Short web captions
========================

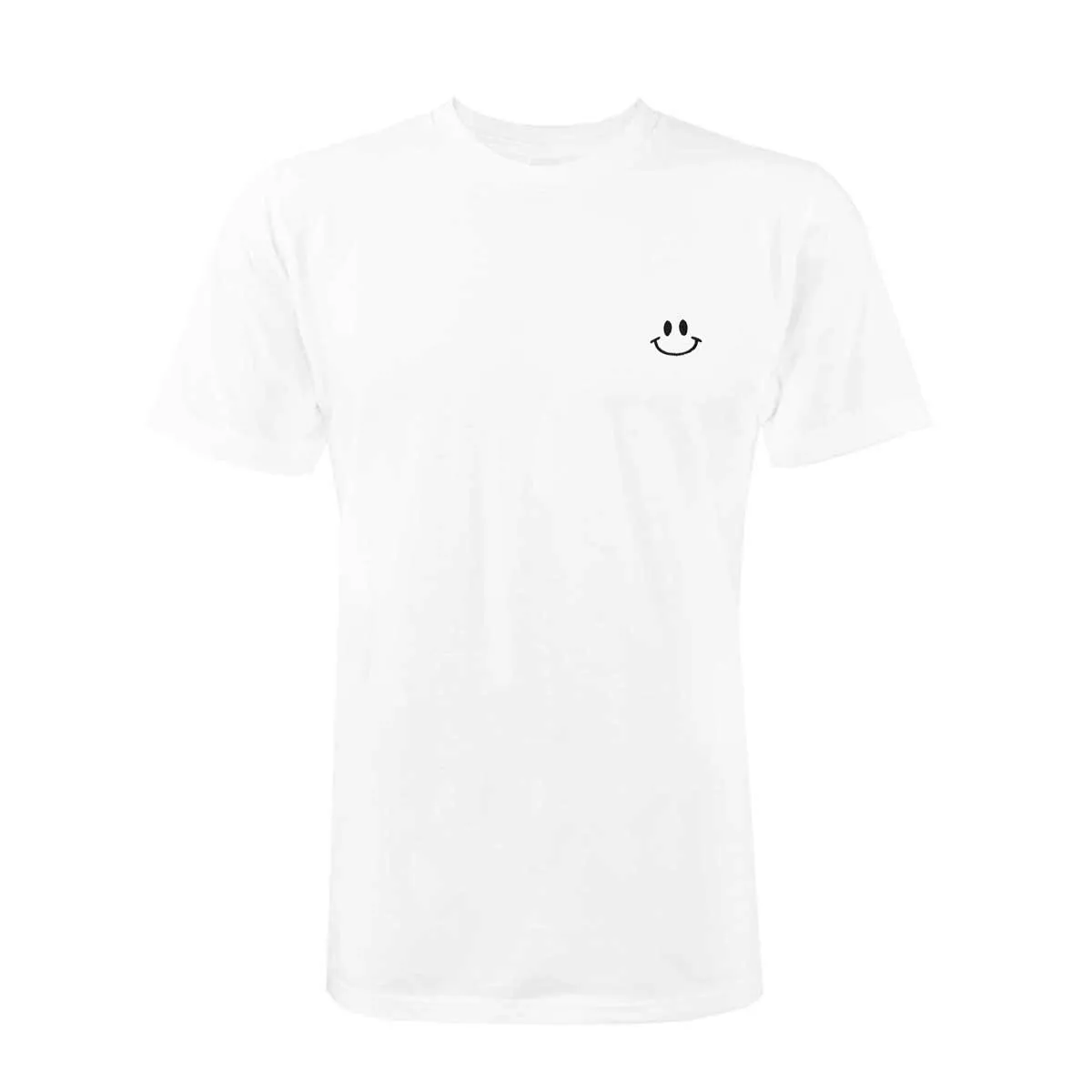 Dalix Smile Face T-Shirt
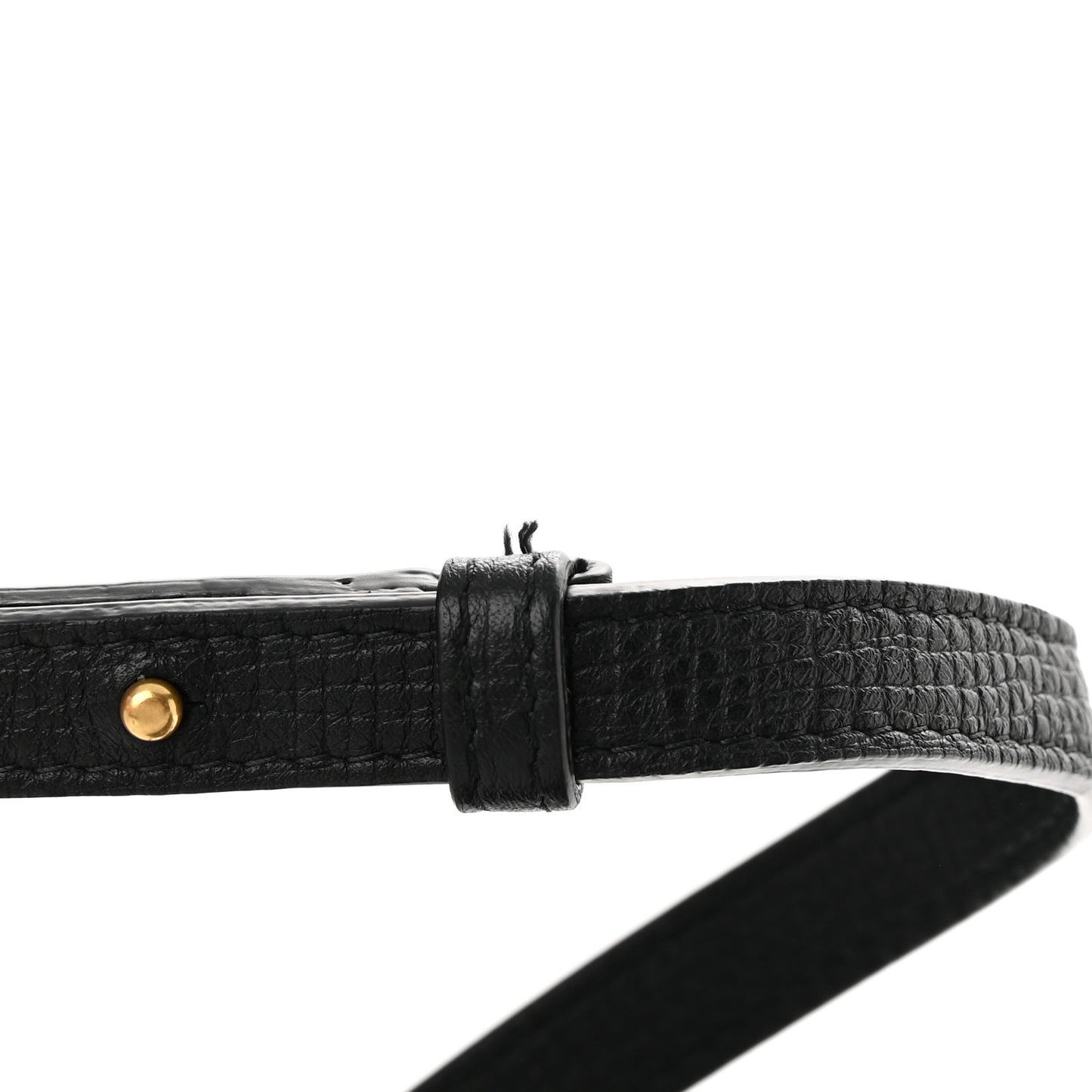Textured Calfskin Small BV Angle Shoulder Bag Black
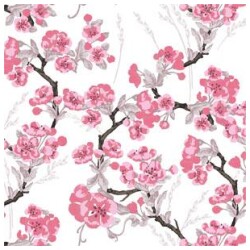 Lautasliina Duni Omenatarha pinkki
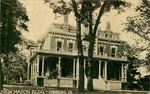 Postcard House / Architecture Collection #4714 - Corning, Iowa. Fixed Price $8.95.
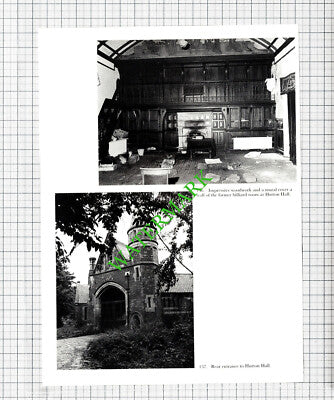 Hutton Hall Guisborough Yorkshire  - Cutting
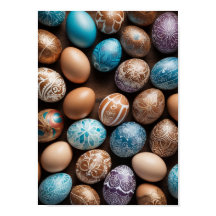 Mandala Egg - Intricate Boho Blommigt Design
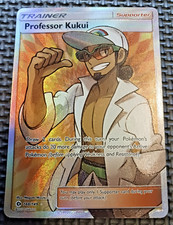 professor kukui pokemon card price Sun & Moon 148 Full Art Professor Kukui CGC 9 - Subgrades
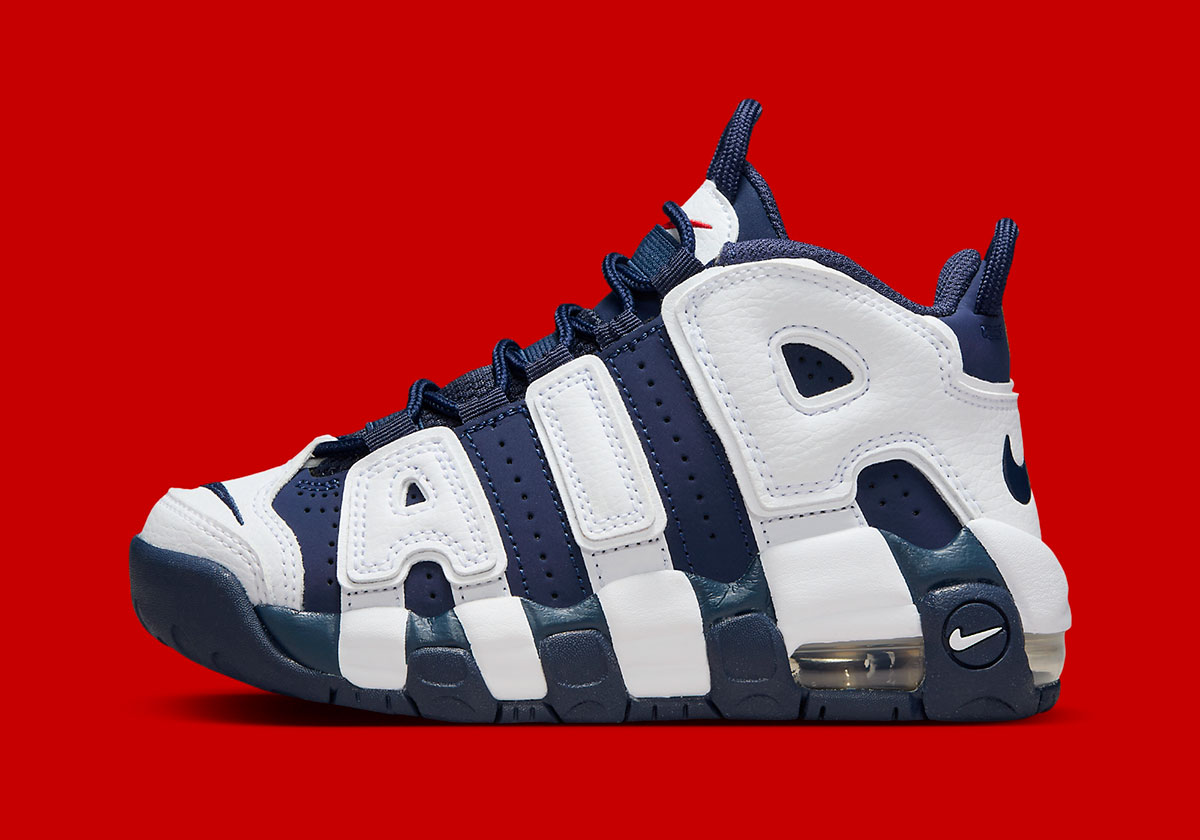 Nike Air More Uptempo Ps Olympic Fv5372 100 1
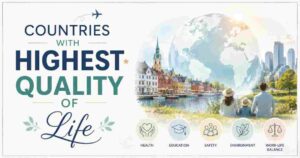 Countries with Highest Quality of Life Statistics 2026 | Rankings & Facts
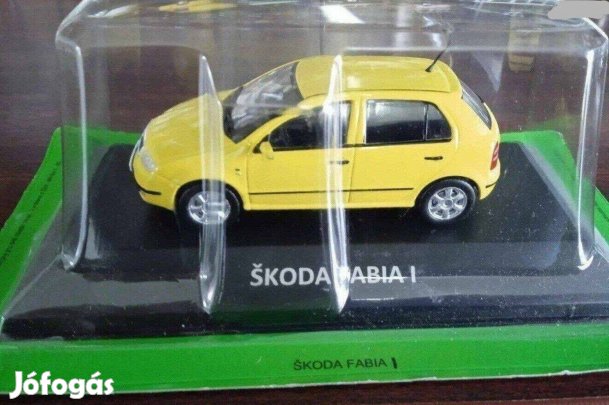 Skoda Fabia I kisauto modell 1/43 Eladó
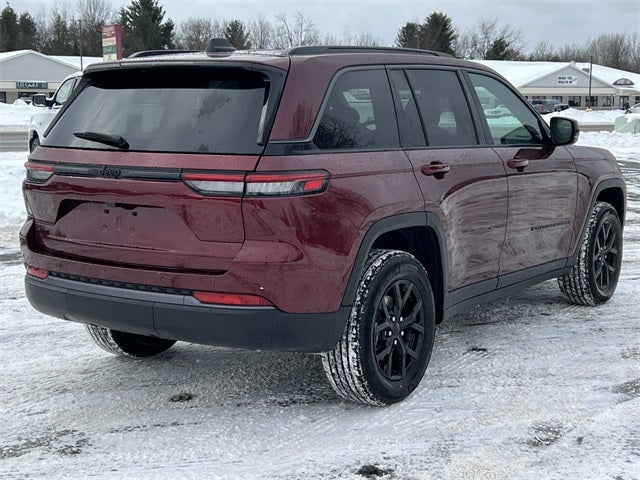 2026 Jeep Grand Cherokee GRAND CHEROKEE LAREDO ALTITUDE 4X4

========================

Only the lines from the one containing "Textured Calfskin Small" through the end of the records are wanted, set down exactly and without their pictures.

▶ [REPLY]:
Textured Calfskin Small BV Angle Shoulder Bag Black
 Lautasliina Duni Omenatarha pinkki
 Postcard House / Architecture Collection #4714 - Corning, Iowa. Fixed Price $8.95.
 Hutton Hall Guisborough Yorkshire  - Cutting
 Mandala Egg - Intricate Boho Blommigt Design
 professor kukui pokemon card price Sun & Moon 148 Full Art Professor Kukui CGC 9 - Subgrades
 Nike Air More Uptempo Ps Olympic Fv5372 100 1
 Countries with Highest Quality of Life Statistics 2026 | Rankings & Facts
 Skoda Fabia I kisauto modell 1/43 Eladó
 2026 Jeep Grand Cherokee GRAND CHEROKEE LAREDO ALTITUDE 4X4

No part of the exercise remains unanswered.